Tess 6/11/98 - 6/21/11


----------



## ELI&BAILEY'S MOM (Dec 18, 2008)

What a beautiful girl. I am so sorry for your loss. They seem to take a big chunk of your heart when they leave, don't they? Godspeed sweet Tess.


----------



## Penny & Maggie's Mom (Oct 4, 2007)

I'm so sorry. What a pretty girl... just remember, she's with you still.. only now on silent paws. Hugs.


----------



## SWGoldenmom (Oct 25, 2011)

I love that.......silent paws.....thank you....


----------



## Buddy's mom forever (Jun 23, 2011)

Sweet girl, I am sorry you lost her. It takes time to get used to the pain.
Rest in peace sweet Tess.


----------



## Kula's mommy (Aug 19, 2011)

She is so very beautiful and I know how you feel.I miss my Kula every single day and I'm so very sorry for your loss....hugs


----------



## SWGoldenmom (Oct 25, 2011)

Oh my....I see Tess and Kula were very close in age. I'm so sorry for your loss as well.


----------



## Nath (May 12, 2011)

So sorry for your loss. She was beautiful. I wish that I had words to make it easier, but many of us are going through the same empty pain you are feeling. At least we can help each other in need. Sending many hugs.


----------



## goldensmum (Oct 23, 2007)

Tess will always be with you, because she is nestled in the very safest place of all - in your heart.

Sleep softly Tess


----------



## Debles (Sep 6, 2007)

She was a beautiful girl and is with you always. I know how hard it is and how much you miss her.


----------



## Dallas Gold (Dec 22, 2007)

What a beauty she was. HUGS...missing them is so hard, but she's with you, looking over you and waiting until you meet again.


----------



## CAROLINA MOM (May 12, 2009)

Tess was such a beautiful girl, the anniversaries are so hard. We lost our boy in Feb., each month has gotten a little easier, but their loss never really goes away because they have such a huge piece of your heart. 
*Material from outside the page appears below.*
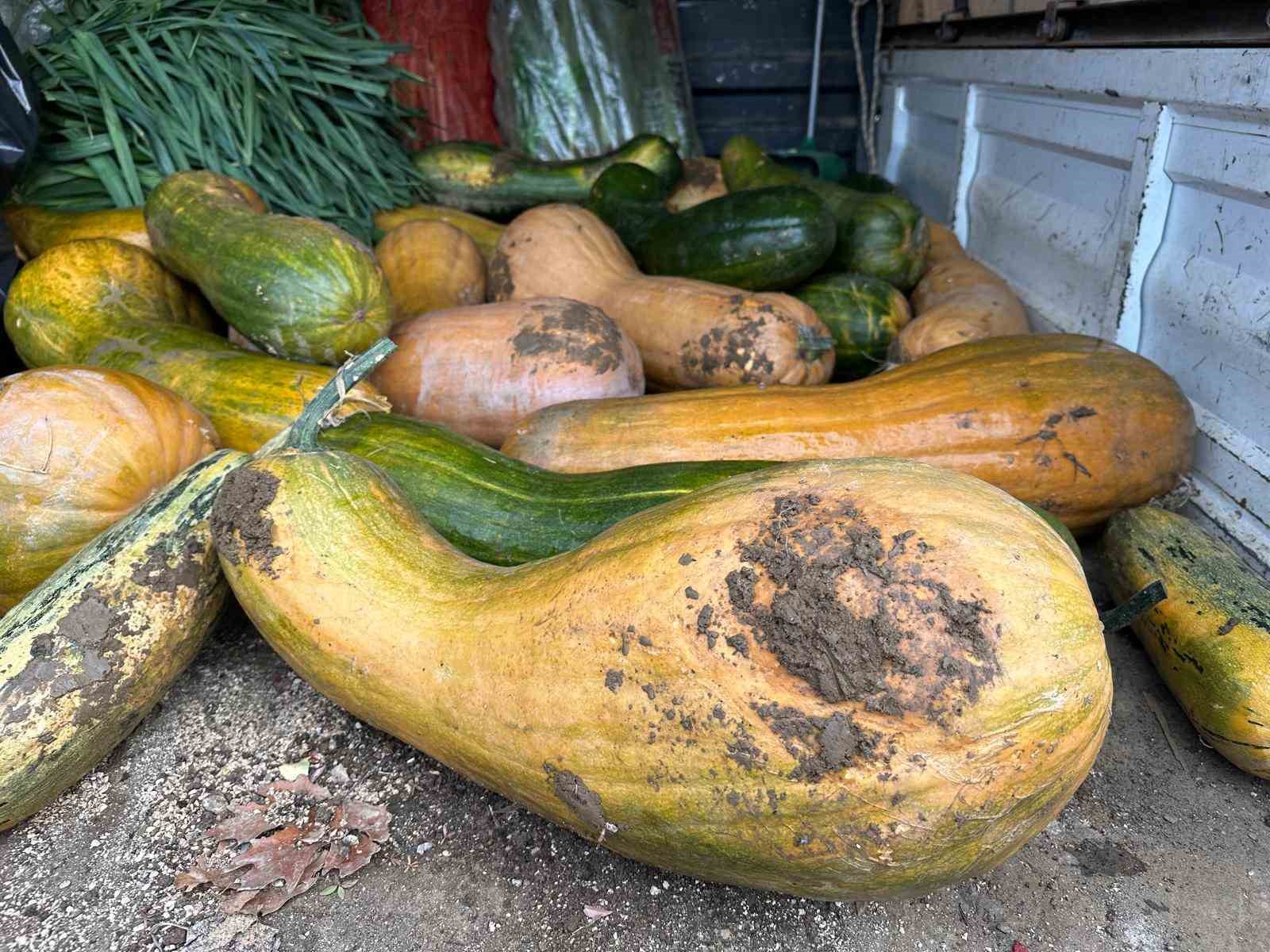osmangazide 30 kilogramlik kibris bal kabagi yetistirildi 0 bZumZAST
Tess will always be with you because she will forever live in your heart and her memories are a part of your soul and a part of who you are. 

I know my life has been so much richer by sharing it with my boy for 15.5 years. 

I hope you will be able to open your heart to another golden when you are ready. I did shortly after I lost my boy, I had too much love to give not to share it with another golden boy. 


God bless sweet Tess.


----------